**To do:** As soon as the line containing "Abri de jardin" appears in the material below, start returning lines exactly, and end with the line containing "Machinist Square Set".

**Record set:**
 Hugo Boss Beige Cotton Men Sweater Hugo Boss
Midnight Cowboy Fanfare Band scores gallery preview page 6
* * *
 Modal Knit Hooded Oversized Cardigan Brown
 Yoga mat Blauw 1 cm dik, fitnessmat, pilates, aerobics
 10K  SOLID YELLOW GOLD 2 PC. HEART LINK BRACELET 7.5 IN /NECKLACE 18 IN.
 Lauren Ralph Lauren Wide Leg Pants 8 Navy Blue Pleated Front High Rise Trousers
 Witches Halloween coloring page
==
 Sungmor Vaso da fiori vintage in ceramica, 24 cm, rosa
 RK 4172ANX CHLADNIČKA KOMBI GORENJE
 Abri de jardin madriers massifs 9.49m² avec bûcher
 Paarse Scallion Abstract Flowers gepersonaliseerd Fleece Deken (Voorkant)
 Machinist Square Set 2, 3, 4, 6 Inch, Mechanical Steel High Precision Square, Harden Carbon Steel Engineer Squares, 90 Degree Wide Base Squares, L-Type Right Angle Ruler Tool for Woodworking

**Result for this task:**
 Abri de jardin madriers massifs 9.49m² avec bûcher
 Paarse Scallion Abstract Flowers gepersonaliseerd Fleece Deken (Voorkant)
 Machinist Square Set 2, 3, 4, 6 Inch, Mechanical Steel High Precision Square, Harden Carbon Steel Engineer Squares, 90 Degree Wide Base Squares, L-Type Right Angle Ruler Tool for Woodworking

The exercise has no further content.